Kudos to Danny Boyle first of all for making very few changes to his source material, the experiences of the climber Aron Ralston, documented in his 2004 autobiography Between a Rock and a Hard Place. It would have been easy to notch up the dramatic gravitas by including maybe a small meteorite, obliterating the boulder that traps Aron’s arm but in a dramatic twist of fate, causing an even bigger boulder to land smack-bang on his left leg. Or Boyle could have introduced a scorned ex from his college days, coincidentally running into him after being freed from the boulder, and in a scene of exhausting emotional gravitas leaves the desperate Aron in the midst of the boulder to perish, followed by the Leona Lewis version of Snow Patrols ‘Run’. Danny Boyle keeps the story grounded, but makes it visually stark and pulse-quickening with a hyper-active, edgy use of his camera: split screens expertly dichotomising the city and the Canyonlands National Park, which makes Aron’s isolation even more apparent. One particularly grand scene also deserves a mention, in which a thunderstorm over the Canyon is depicted and then Aron’s departs from his accidental prison – this thunderstorm doesn’t look quite right, even a bit supernatural, and this lurid imagery is certainly a highlight.

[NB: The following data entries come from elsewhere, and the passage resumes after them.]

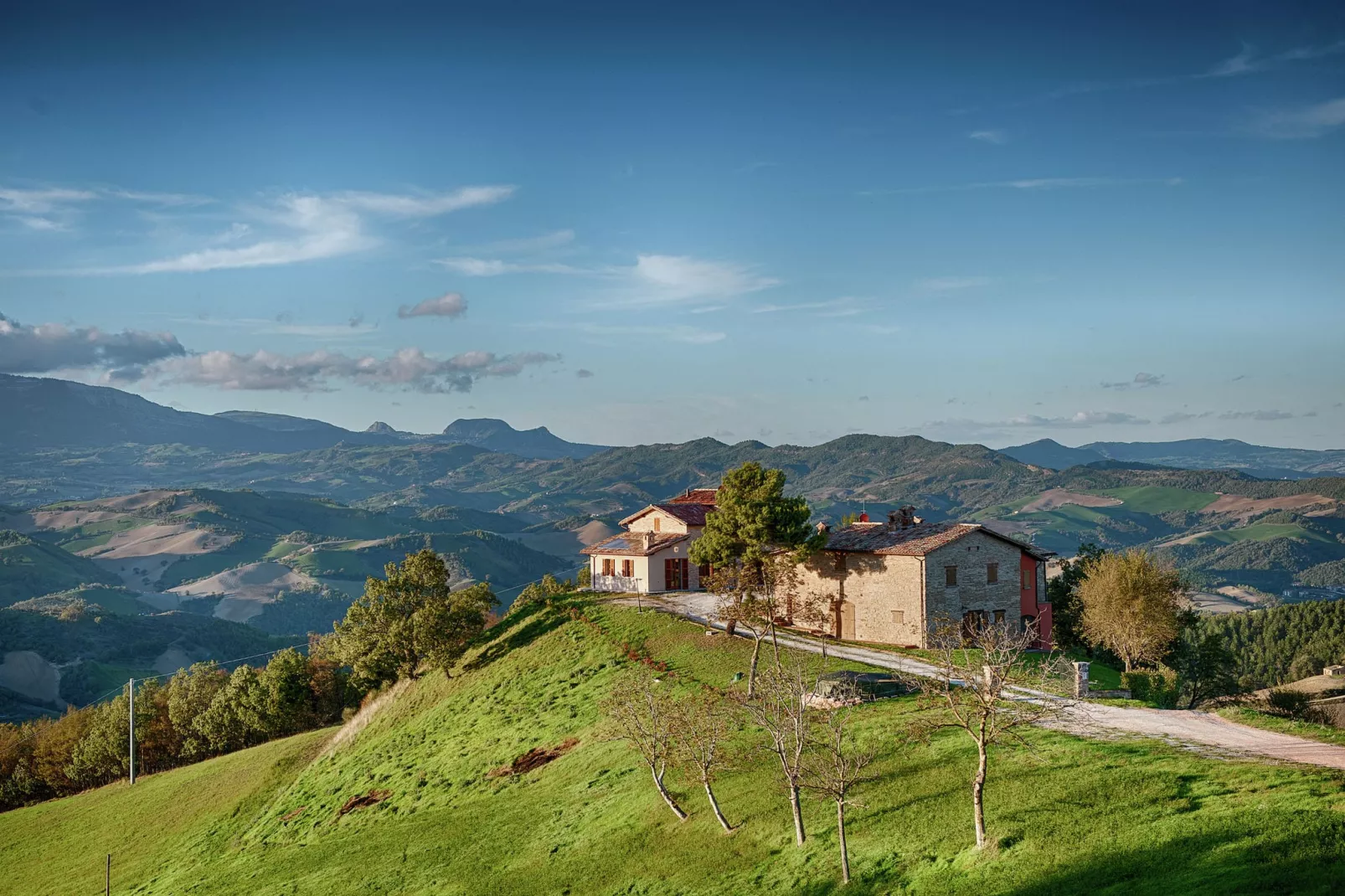 Borgo Due-Buitenkant zomer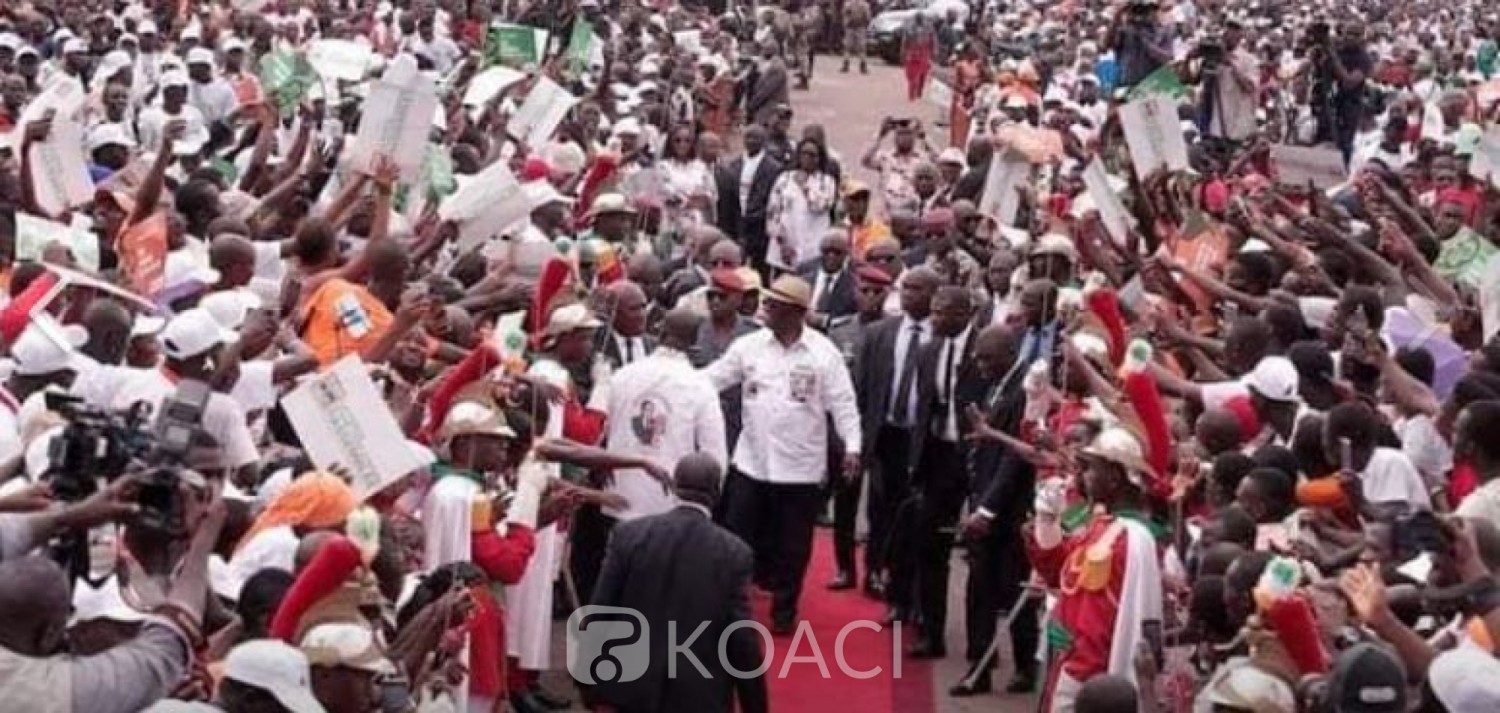 Côte d'Ivoire :  Yamoussoukro, pas de libation au meeting du RHDP, le logo du RHDP sans l'emblème du PDCI-RDA
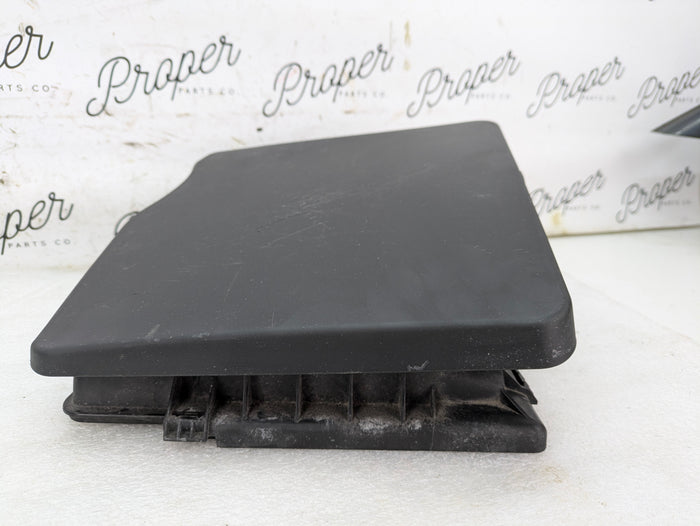 BMW E46 330CI 330I M54B30 3.0 Engine Air Filter Box Housing Top Lid Cap 7501976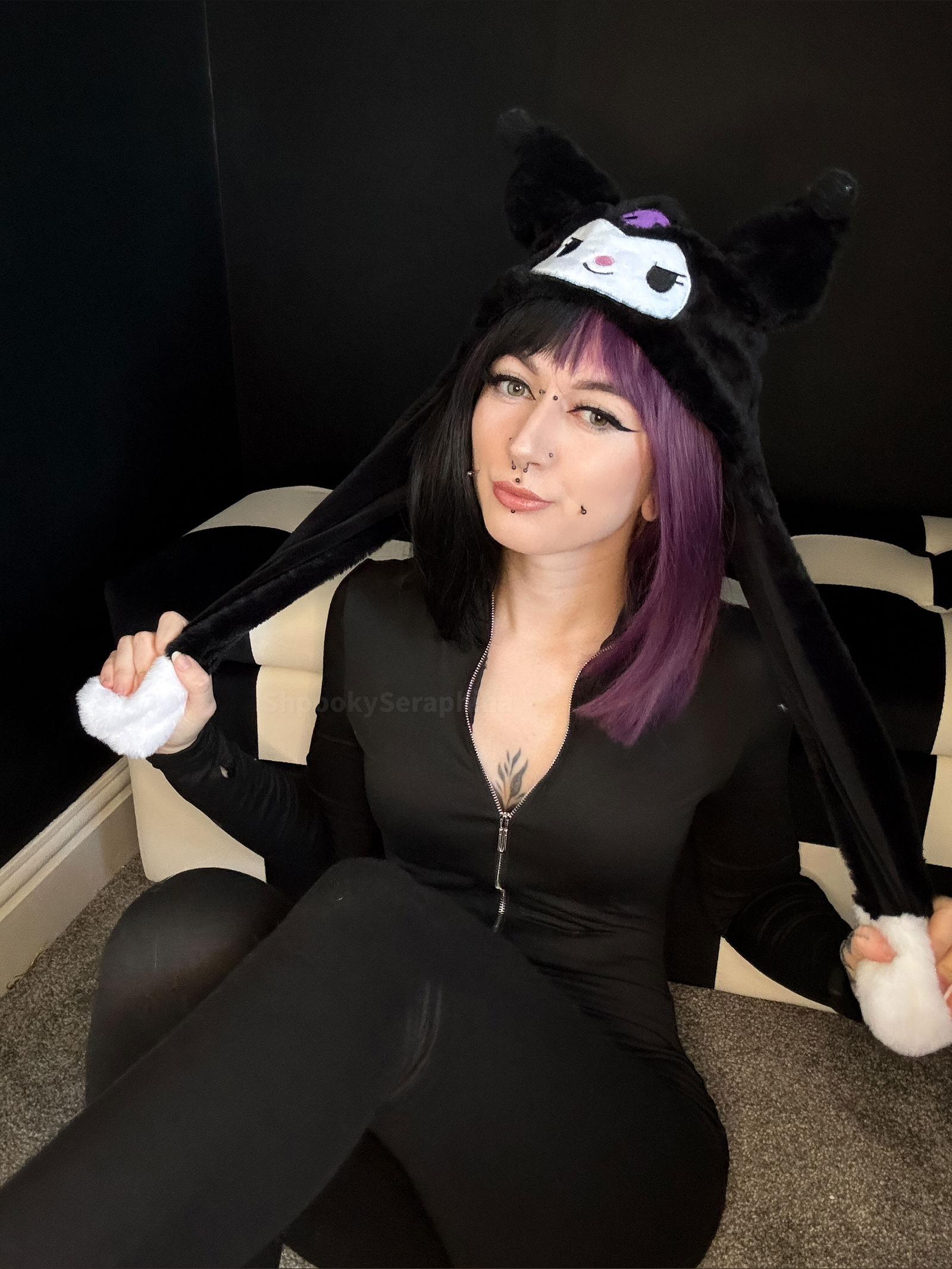 Sarah 🖤 GAMING LIVESTREAMS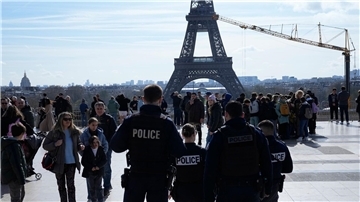 Polizisten patrouillieren auf dem Trocadero-Platz unweit des Eiffelturms.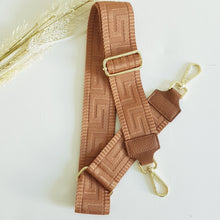 Lataa kuva Galleria-katseluun, Upea TESSA nahkalaukku, säädettävällä koristehihnalla ja kulta lukoilla. Laukussa vetoketjulukitus. Sisältä löytyy avo ja vetoketjullinen piilotasku. Koko: pituus 37 cm, korkeus 22 cm, syvyys 15cm Olkahihna leveys 1,5 cm, max pituus 128 cm leveä koristeellinen polyesteri/ nahka hihna kullanvärisillä pistolukoilla, leveys 5,5 cm, säädettävä pituus max. 128 cm Valmistusmaa Italia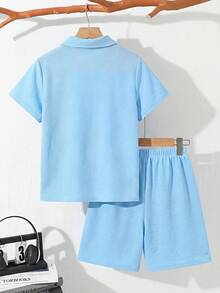 SHEIN 两件套男童休闲宽松纯色 Polo 领短袖 T 恤和短裤套装，适合通勤、上学、日常休闲穿着、运动、春夏穿着。 - 藍色 - 查看 2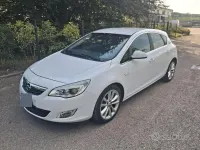 Usata Opel Astra 95 CV (69 kW) 2010 Bianco Berlina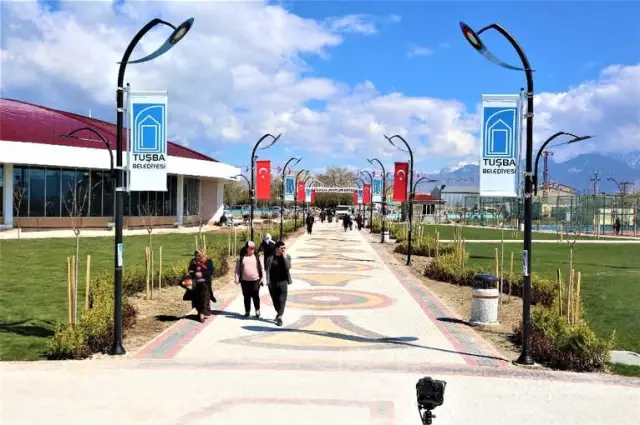 Tuşba Belediyesi'nin, '15 Temmuz Şehitler Parkı' Cıvıl Cıvıl Tuşba Belediyesi'nin, '15 Temmuz Şehitler Parkı' Cıvıl Cıvıl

Boyle’s direction is quite nearly flawless, if occasionally being a bit too glossy and Hollywood for what is essentially, a gritty and nasty tale. James Franco, however, is flawless. It might even be his most nuanced performance yet. This is one of those films that provokes your average Joe to proclaim ‘well this is what I would have done, if I was there’. Except you can’t, because everything Franco does in his portrayal of Ralston seems logical, likely and most pertinently, real. You would go a little bit stir crazy, (spoiler alert) seeing false thunderstorms, begging the flying bird above for help and creating a video diary that you would hope somebody would find in the near future and show your family. Franco here juggles the realistic portrayal of a guy getting slowly more despondent, crazy and desperate, with somebody who is quite stunningly, funny. This is, as I have said a gritty and nasty tale but don’t fret, Franco quite literally on occasions brings the light to this affair – an imagined gameshow with Aron as the host but also the contestant, his fate being incessantly mocked, is quite the highlight. In short, Franco is virtually the only character in the film and he carries it with aplomb; Aron comes across as appealing, the sort of guy you would want to be friends with, with a human, raw edge. Given it’s about a real living man (who notably gets a poignant cameo) Franco probably lacked the chutzpah to make him a bit more flawed but it really doesn’t matter. Franco has delivered a performance that fully justifies his Oscar nomination.
And finally, let us not forget the big scene that has made many a cinema-goer faint or vomit in the cinema. They weren’t being hyperbolic. Boyle holds no punches here and the amputation scene is vivid and clear. It is all the better for it.
127 Hours depicts the harsh reality of a man whose dream lifestyle as an adventurer has nearly killed him and the realities of someone who to save himself, has to go through unimaginable pain. The film’s engrossing nature comes from this stark approach. In fact, if the film shares anything with anybody, it’s a South London ‘rude gyal’. ‘You know what I am, I’m real’, she bleats. Whilst she’s probably saying this to gain some credence, 127 Hours isn’t. It’s necessarily real to the core and thanks largely to Mr Franco, it transcends the slight nature of its premise. It’s a constant emotional crescendo of an experience, in which the human, not the boulder, holds the true clout.